01.02.2010 | Aktuelle Rechtsprechung des BGH
Schadensermittlung bei illegalen Beschäftigungsverhältnissen
von StA Kai Sackreuther, Karlsruhe
Die strafrechtliche Aufarbeitung illegaler Beschäftigungsverhältnisse gewinnt an Bedeutung in der Rechtsprechung des BGH. Neben die Strafbarkeit des Arbeitgebers wegen Hinterziehung der Lohnsteuer tritt in solchen Fällen regelmäßig die nach § 266a StGB. Aufgrund der Sozialrechtsakzessorietät dieser Strafvorschrift (BGH 28.5.02, 5 StR 16/02, BGHSt 47, 318; BGH 24.10.06, 1 StR 44/06, BGHSt 51, 124, PStR 07, 28; BGH 24.10.07, 1 StR 160/07, BGHSt 52, 67) ist erforderlich, auch die beitragsrechtlichen Vorschriften der einzelnen Sozialgesetzbücher in den Blick zu nehmen, um sachgerechte Lösungen zu erzielen.

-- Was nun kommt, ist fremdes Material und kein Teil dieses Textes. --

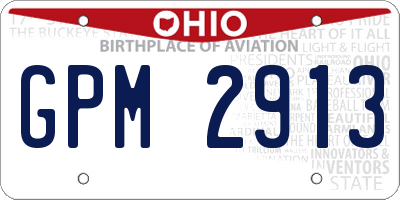 OH license plate GPM2913
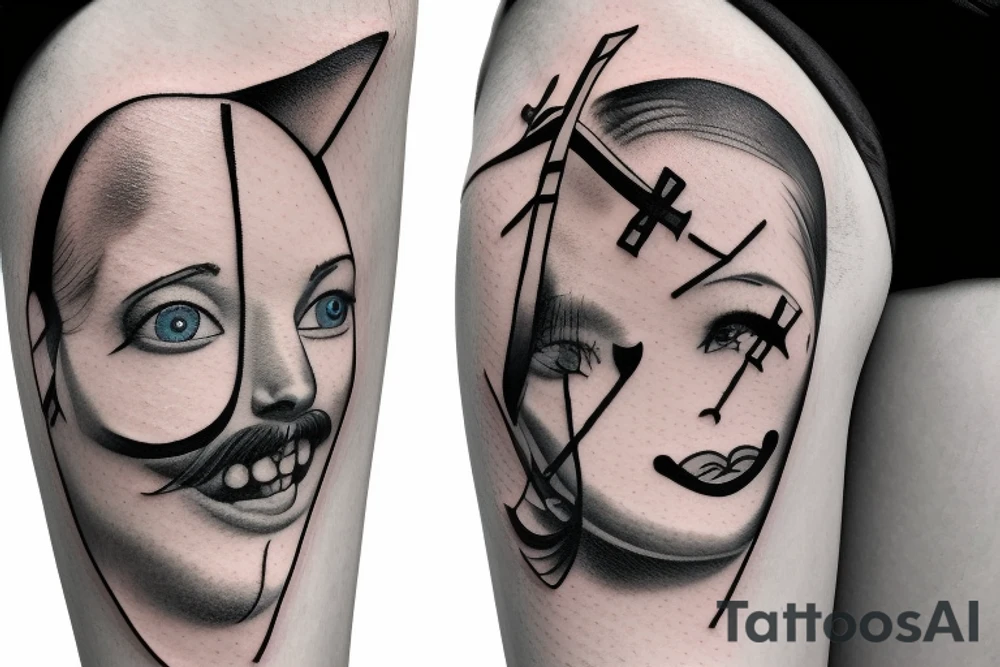 Cross with a sad and happy face tattoo idea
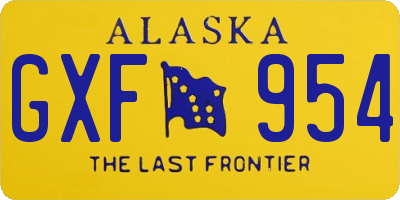 AK license plate GXF954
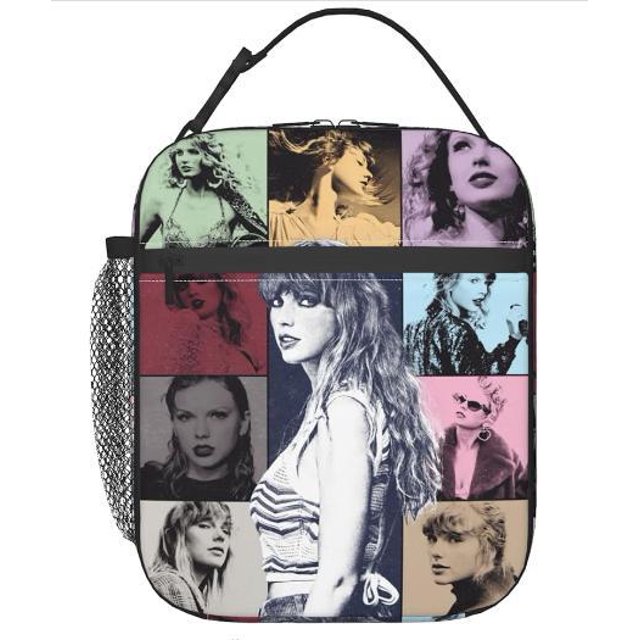 Sac à lunch Portable Sac Fourre-Tout par Luniquz Présentant un design collage avec Divers portraits Artistiques. Fait de Tissu oxford à Haute Densité et de Papier D\'aluminium Épais pour l'Isolation, Il Garde les Aliments au Frais Ou au Chaud. le Sac Est Imperméable, Anti-Humidité, Résistant à l'Usure, Léger et Facile à Nettoyer. Comprend une Poche Latérale en Maille et une Poignée Robuste. Convient au Travail, à l'École, aux Pique-Niques et aux Activités de Plein Air. Dimensions : 25 x 19 x 10 cm.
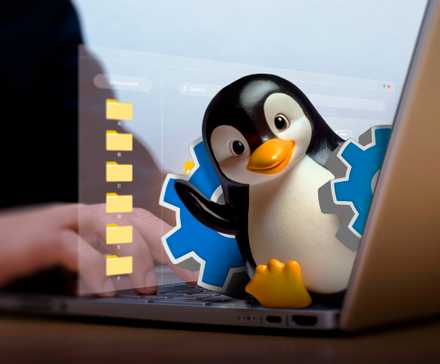 Une main utilisant un ordinateur portable et une mascotte Linux sortant de l'écran avec un équipement et quelques fichiers derrière.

Im Folgenden werden die entsprechenden Entscheidungen des BGH aus dem Jahr 2009 vorgestellt.
1. Schadensermittlung unter Beachtung des § 14 Abs. 2 S. 2 SGB IV
Bereits mit Urteil vom 2.12.08 (1 StR 416/08, Abruf-Nr. 083965, wistra 09, 101), das vornehmlich wegen seiner Ausführungen zur Strafzumessung in Steuerstrafsachen Bekanntheit erlangte (dazu Salditt, PStR 09, 15, 25), hatte der BGH entschieden, dass bei der Berechnung der vorenthaltenen Sozialversicherungsbeiträge § 14 Abs. 2 S. 2 SGB IV Anwendung findet. Das bedeutet, dass der an die illegal beschäftigten Arbeitnehmer gezahlte Schwarzlohn auf ein Bruttogehalt hochgerechnet wird. Aus diesem fiktiven Bruttoarbeitsentgelt wird dann unter Anwendung der jeweils maßgeblichen Beitragssätze der durch die Straftaten verursachte Beitragsschaden berechnet (Wulf, Stbg 09, 456; Lübbersmann, PStR 09, 67).

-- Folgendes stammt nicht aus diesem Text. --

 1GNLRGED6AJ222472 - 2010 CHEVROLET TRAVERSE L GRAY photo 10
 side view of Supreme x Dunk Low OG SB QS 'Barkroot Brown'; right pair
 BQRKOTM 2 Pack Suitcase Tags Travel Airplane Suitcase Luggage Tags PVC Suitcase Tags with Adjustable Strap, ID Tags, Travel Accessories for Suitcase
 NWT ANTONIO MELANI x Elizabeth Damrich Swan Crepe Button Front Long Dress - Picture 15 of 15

Mit Beschluss vom 7.10.09 (1 StR 320/09; Abruf-Nr. 100186) hat der BGH in Fortführung dieses Grundsatzurteils entschieden, dass § 14 Abs.2 S. 2 SGB IV auch dann anwendbar ist, wenn ordnungsgemäß gemeldeten Arbeitnehmern lediglich ein Teil ihres Gehalts schwarz ausgezahlt wird (Teilschwarzlohnzahlung). Dieser Schwarzlohnanteil, bei dem es sich zwangsläufig um einen Nettobetrag handelt, ist zur Ermittlung des Beitragsschadens ebenfalls hochzurechnen. Dieser Auslegung steht nach Auffassung des BGH der Wortlaut von § 14 Abs. 2 S. 2 SGB IV nicht entgegen (a.A. Seewald in Kasseler, Kommentar zum Sozialversicherungsrecht, April 09, SGB IV § 14 Rn. 140; Klattenhof in Hauck/Noftz, SGB IV, September 09, K § 14 Rn. 45). Vielmehr gebietet der Zweck, den der Gesetzgeber bei Einführung der Vorschrift verfolgte, die Anwendung auch in Fällen der Schwarzlohnzahlung.

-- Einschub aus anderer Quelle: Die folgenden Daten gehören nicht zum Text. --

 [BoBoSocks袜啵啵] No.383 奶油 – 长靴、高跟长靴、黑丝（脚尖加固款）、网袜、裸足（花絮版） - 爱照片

§ 14 Abs. 2 S. 2 SGB IV ist dabei nicht nur bei Teilschwarzlohnzahlungen an im Übrigen ordnungsgemäß gemeldete Arbeitnehmer anwendbar. Nach dem Beschluss des BGH vom 10.11.09 (1 StR 283/09; Abruf-Nr. 100187) gilt dies vielmehr auch in den Fällen, in denen Schwarzlohnzahlungen an Arbeitnehmer erfolgen, die in einem Unternehmen neben ordnungsgemäß gemeldeten Arbeitnehmern, für die Lohnsteuer und Sozialversicherungsbeiträge in vollen Umfang abgeführt wurden, beschäftigt werden. Der an diese illegal Beschäftigten gezahlte Schwarzlohn ist ebenfalls nach § 14 Abs. 2 S. 2 SGB IV hochzurechnen.